Co-founder and Director

Founding Fuel

Charles Assisi is an award-winning journalist with two decades of experience to back him. He is co-founder and director at Founding Fuel, and co-author of the book The Aadhaar Effect. He is a columnist for Hindustan Times, one of India's most influential English newspaper. He is vocal in his views on journalism and what shape it ought to take in India. He speaks on the theme at various forums and is often invited by various organizations to teach their teams how to write.

In his last assignment, he wore two hats: That of Managing Editor at Forbes India and Editor at ForbesLife India. As part of the leadership team, his mandate was to create a distinctive business title in a market many thought was saturated. When Forbes India was finally launched after much brainstorming and thinking through, it broke through the ranks and got to be recognized as the most influential business magazine in the country. He did much the same thing with ForbesLife India where he broke from convention and launched the title to critical acclaim.

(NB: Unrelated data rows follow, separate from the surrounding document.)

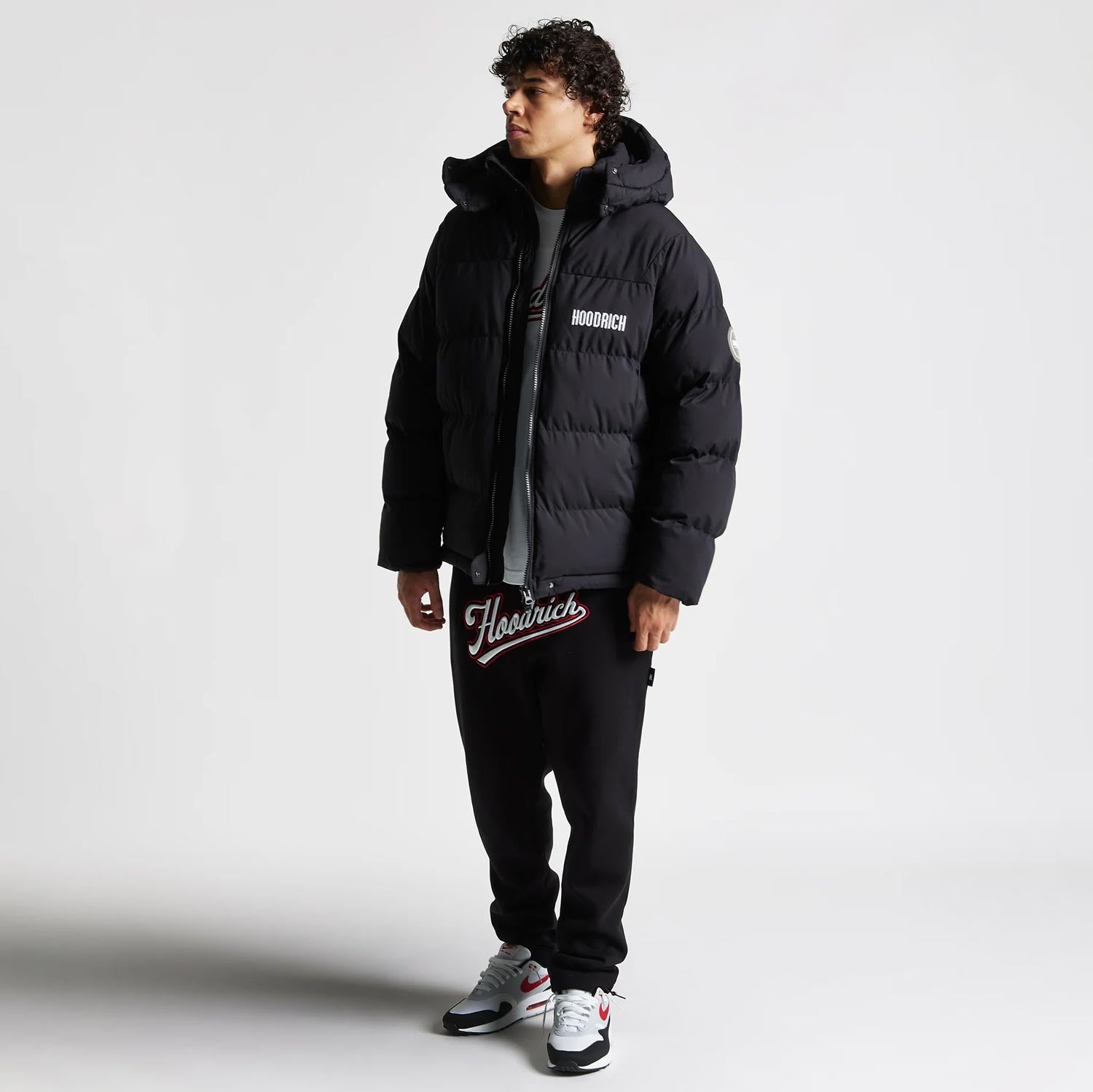 Hoodrich OG Phenom Regular Fit Long Sleeve Jacket - Black/White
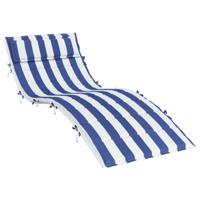 VidaXL Ligbedkussen gestreept 180x60x4 cm oxford stof blauw en wit - thumbnail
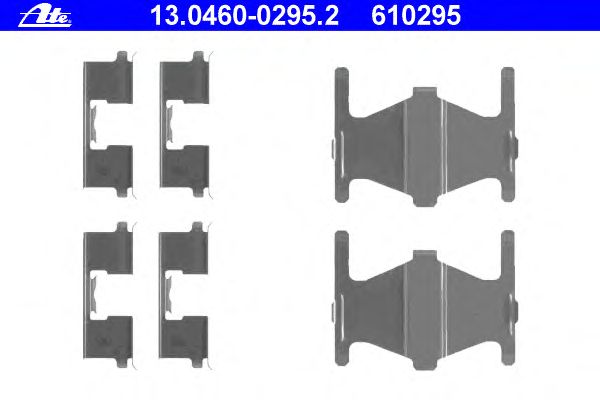 Комплектующие, колодки дискового тормоза 13.0460-0295.2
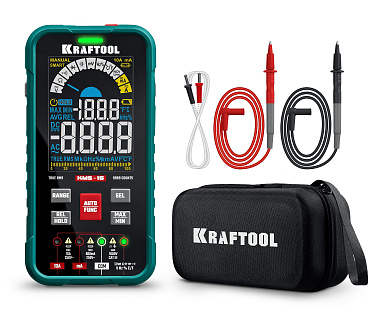 Смарт-мультиметр цифровой KRAFTOOL KMS-15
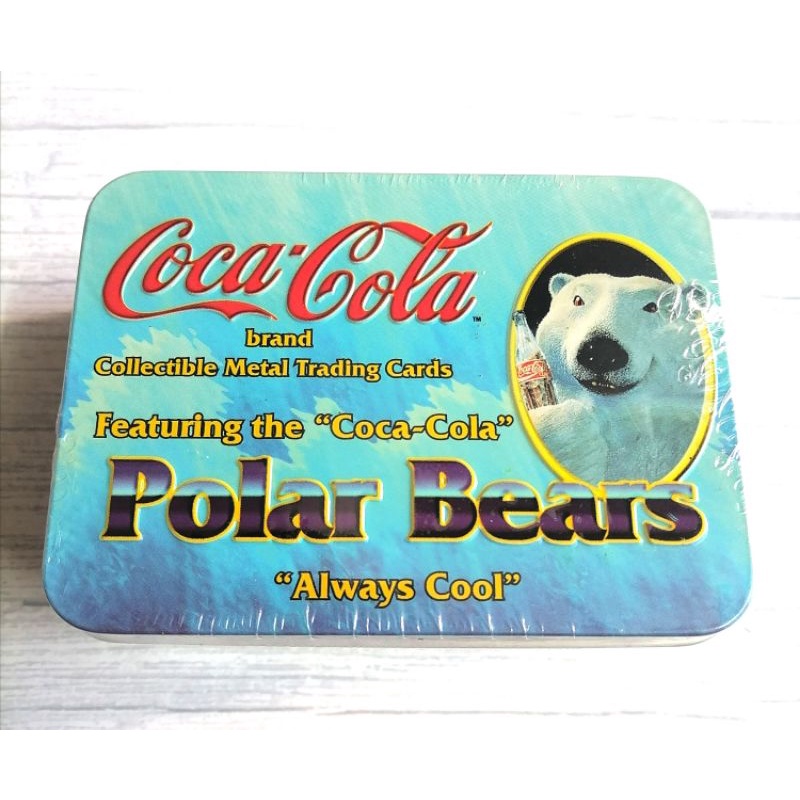 (Sealed Box) กล่องการ์ดเหล็กโคคาโคล่า ซีรี่ย์ หมีขั้วโลก ( COCACOLA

Before that, he was National Technology Editor and National Business Editor at the Times of India, during the great newspaper wars of 2005. He was part of the team that ensured Times of India maintained top dog status in Mumbai on the face of assaults by DNA and Hindustan Times.

His first big gig came in his late twenties when German media house Vogel Burda marked its India debut with CHIP a wildly popular technology magazine. He was appointed Editor and given a free run to create what he wanted. During this stint, he worked and interacted with all of Vogel Burda's various newsrooms across Europe and Asia.

Charles holds a Masters in Economics from Mumbai Universtity and an MBA in Finance. Along the way he earned the Madhu Valluri Award for Excellence in Journalism and the Polestar Award for Excellence in Business Journalism.

In his spare time, he reads voraciously across the board, but is biased towards psychology and the social sciences. He dabbles in various things that catch his fancy at various points. But as fancies go, many evaporate as often as they fall on him.